[Records shown]

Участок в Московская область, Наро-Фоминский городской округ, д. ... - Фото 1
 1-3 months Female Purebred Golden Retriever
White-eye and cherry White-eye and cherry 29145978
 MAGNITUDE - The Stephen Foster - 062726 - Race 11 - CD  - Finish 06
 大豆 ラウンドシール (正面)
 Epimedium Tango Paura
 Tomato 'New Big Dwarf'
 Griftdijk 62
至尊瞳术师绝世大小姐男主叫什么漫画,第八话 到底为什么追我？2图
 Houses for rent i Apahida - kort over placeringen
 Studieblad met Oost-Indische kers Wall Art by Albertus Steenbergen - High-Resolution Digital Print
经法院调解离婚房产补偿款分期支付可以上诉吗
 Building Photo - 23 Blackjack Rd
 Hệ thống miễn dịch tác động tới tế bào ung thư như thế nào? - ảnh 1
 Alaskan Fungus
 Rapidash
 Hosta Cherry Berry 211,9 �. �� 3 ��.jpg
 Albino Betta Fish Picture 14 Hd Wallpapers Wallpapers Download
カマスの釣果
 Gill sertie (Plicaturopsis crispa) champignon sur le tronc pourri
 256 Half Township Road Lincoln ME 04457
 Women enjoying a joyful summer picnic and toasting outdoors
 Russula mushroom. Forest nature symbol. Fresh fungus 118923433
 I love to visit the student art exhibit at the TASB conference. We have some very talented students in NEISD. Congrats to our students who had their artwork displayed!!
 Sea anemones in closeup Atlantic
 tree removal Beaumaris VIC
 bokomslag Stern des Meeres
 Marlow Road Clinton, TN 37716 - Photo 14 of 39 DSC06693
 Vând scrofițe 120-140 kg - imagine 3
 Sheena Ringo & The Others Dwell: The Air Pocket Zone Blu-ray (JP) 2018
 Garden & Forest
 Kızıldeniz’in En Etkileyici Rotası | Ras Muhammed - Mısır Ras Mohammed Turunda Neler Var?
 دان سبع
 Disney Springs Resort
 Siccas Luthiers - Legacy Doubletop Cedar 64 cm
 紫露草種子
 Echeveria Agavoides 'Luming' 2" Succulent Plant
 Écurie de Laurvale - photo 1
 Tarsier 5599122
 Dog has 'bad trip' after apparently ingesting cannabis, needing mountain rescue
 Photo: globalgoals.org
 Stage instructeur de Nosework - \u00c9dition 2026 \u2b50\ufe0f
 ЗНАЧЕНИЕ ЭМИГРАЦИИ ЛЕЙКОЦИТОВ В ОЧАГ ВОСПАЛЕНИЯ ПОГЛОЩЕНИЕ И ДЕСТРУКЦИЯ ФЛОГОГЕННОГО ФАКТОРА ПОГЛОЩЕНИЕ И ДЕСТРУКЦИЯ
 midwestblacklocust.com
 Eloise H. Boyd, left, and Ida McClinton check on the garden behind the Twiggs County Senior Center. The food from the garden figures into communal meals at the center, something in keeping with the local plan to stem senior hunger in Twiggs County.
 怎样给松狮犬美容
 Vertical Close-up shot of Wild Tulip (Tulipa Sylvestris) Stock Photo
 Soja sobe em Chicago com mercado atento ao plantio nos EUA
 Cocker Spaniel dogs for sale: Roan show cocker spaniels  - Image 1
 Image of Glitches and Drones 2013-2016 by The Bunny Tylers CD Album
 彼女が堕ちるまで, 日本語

[/Records shown]

§ Assignment: Retype the records above exactly, from their first line through the line that contains "Russula mushroom. Forest", and stop there.

§ Response to this exercise:
Участок в Московская область, Наро-Фоминский городской округ, д. ... - Фото 1
 1-3 months Female Purebred Golden Retriever
White-eye and cherry White-eye and cherry 29145978
 MAGNITUDE - The Stephen Foster - 062726 - Race 11 - CD  - Finish 06
 大豆 ラウンドシール (正面)
 Epimedium Tango Paura
 Tomato 'New Big Dwarf'
 Griftdijk 62
至尊瞳术师绝世大小姐男主叫什么漫画,第八话 到底为什么追我？2图
 Houses for rent i Apahida - kort over placeringen
 Studieblad met Oost-Indische kers Wall Art by Albertus Steenbergen - High-Resolution Digital Print
经法院调解离婚房产补偿款分期支付可以上诉吗
 Building Photo - 23 Blackjack Rd
 Hệ thống miễn dịch tác động tới tế bào ung thư như thế nào? - ảnh 1
 Alaskan Fungus
 Rapidash
 Hosta Cherry Berry 211,9 �. �� 3 ��.jpg
 Albino Betta Fish Picture 14 Hd Wallpapers Wallpapers Download
カマスの釣果
 Gill sertie (Plicaturopsis crispa) champignon sur le tronc pourri
 256 Half Township Road Lincoln ME 04457
 Women enjoying a joyful summer picnic and toasting outdoors
 Russula mushroom. Forest nature symbol. Fresh fungus 118923433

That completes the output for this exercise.